### What is being asked
Only the lines below from the one that holds "Classmate, Kamimura Yuuka" through the one that holds "Neil K. Johnson, Architect" should appear in the answer, copied exactly, end lines included and pictures omitted.

### Recorded data
* * * * * * * * *
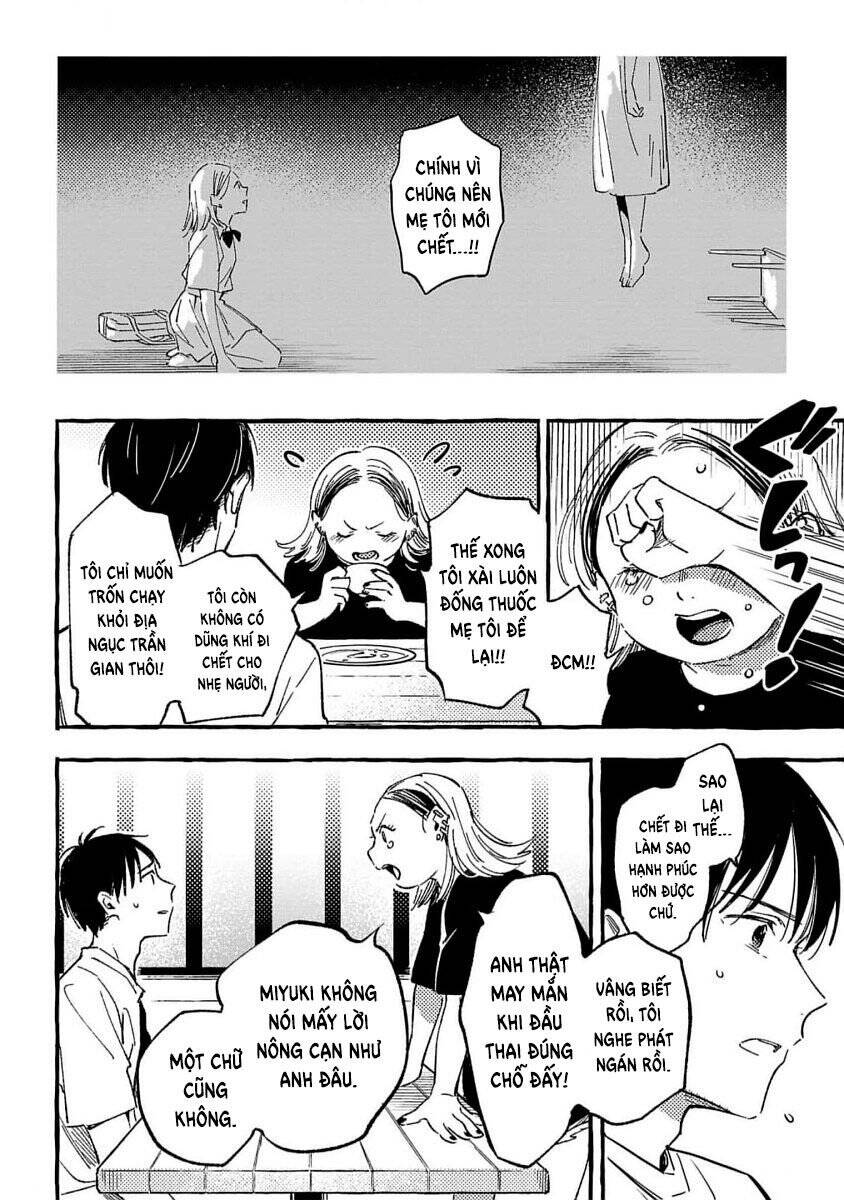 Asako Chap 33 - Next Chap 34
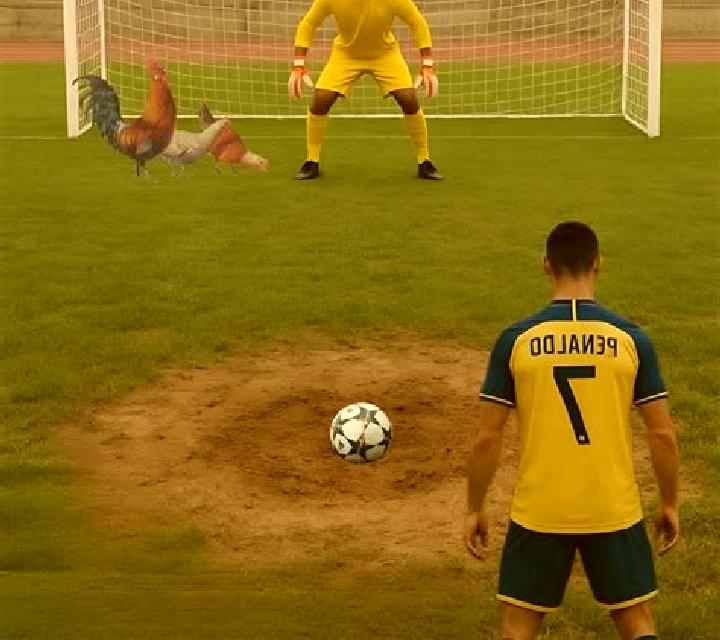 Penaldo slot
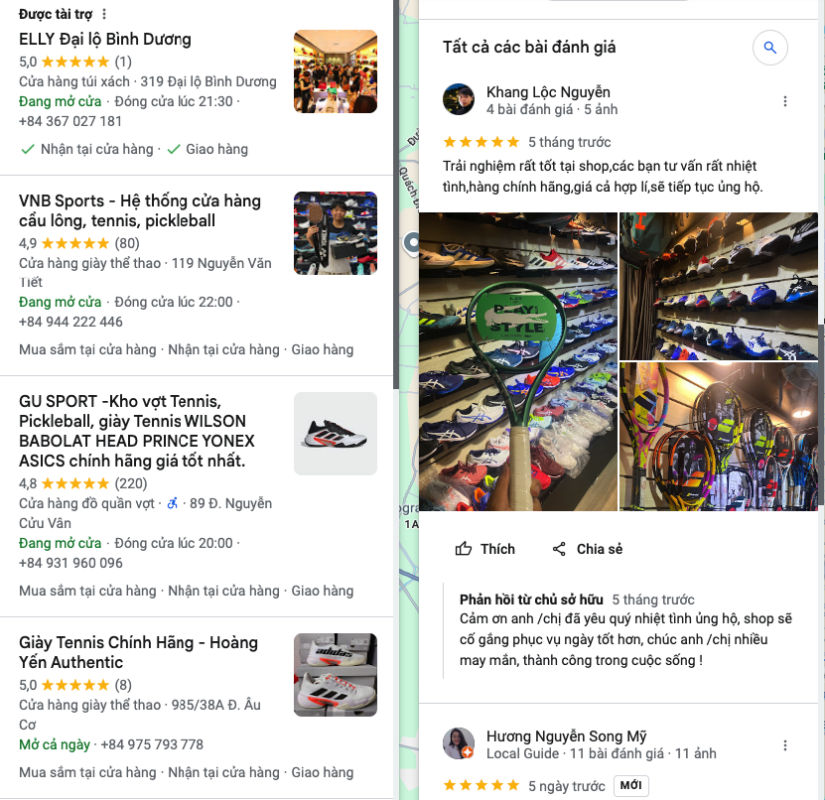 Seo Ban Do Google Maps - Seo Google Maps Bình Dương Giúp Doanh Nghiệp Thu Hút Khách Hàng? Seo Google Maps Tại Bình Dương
* * * * * * * * *
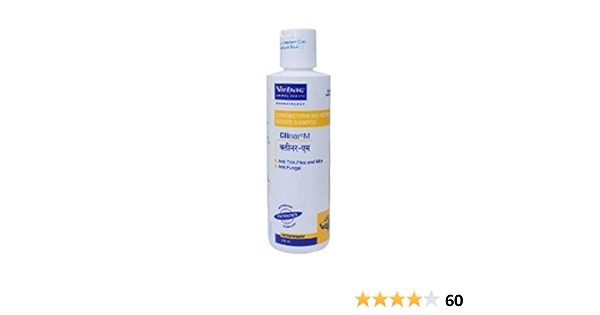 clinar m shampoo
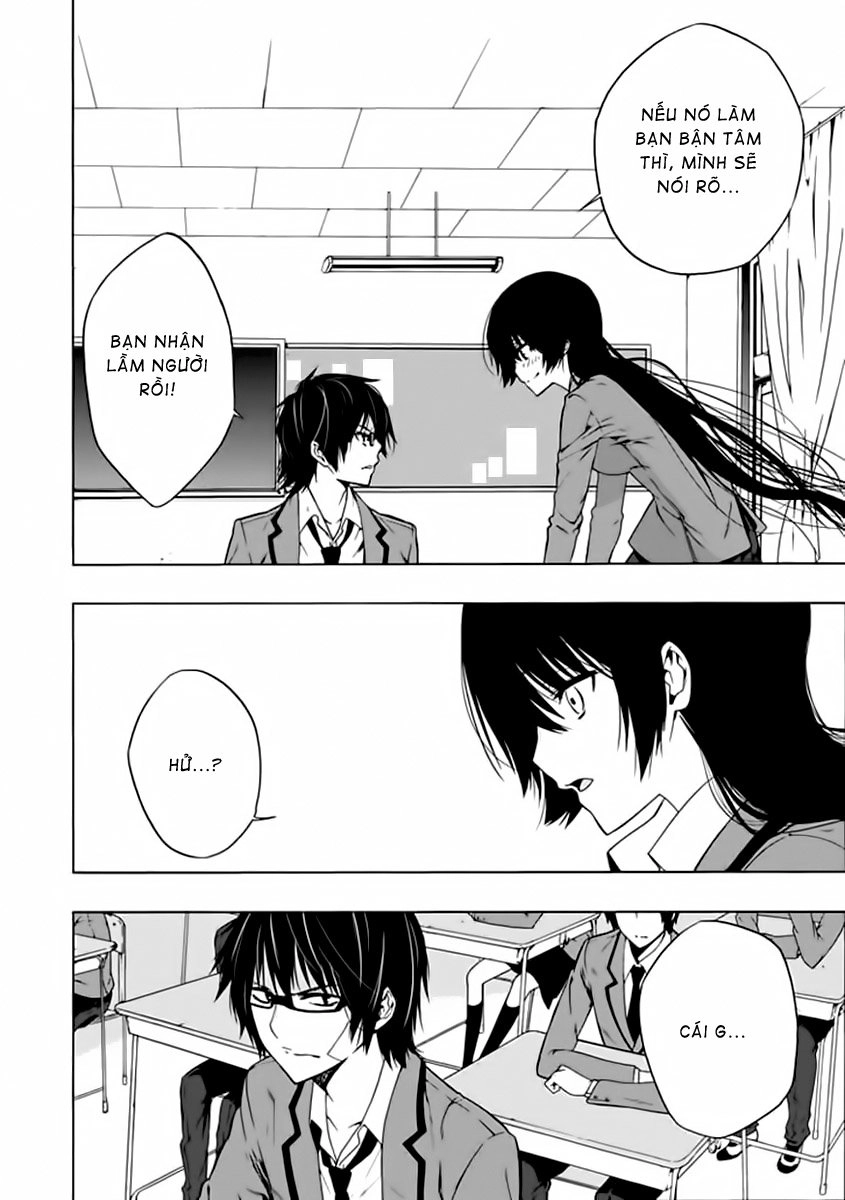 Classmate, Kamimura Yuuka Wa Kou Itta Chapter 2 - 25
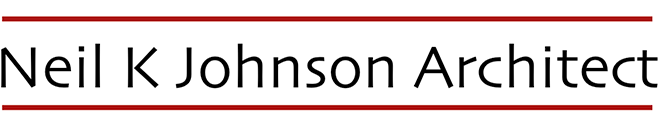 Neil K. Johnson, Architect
* * * * * * * * *
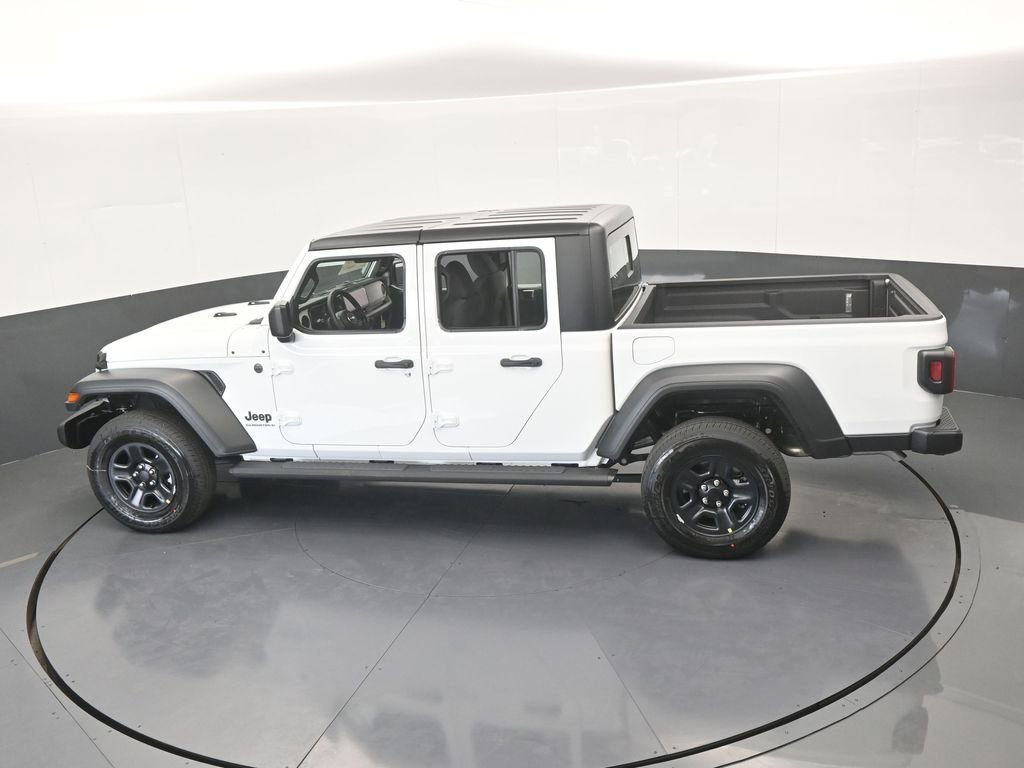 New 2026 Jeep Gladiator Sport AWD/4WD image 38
* * * * * * * * *
### Output
 Classmate, Kamimura Yuuka Wa Kou Itta Chapter 2 - 25
 Neil K. Johnson, Architect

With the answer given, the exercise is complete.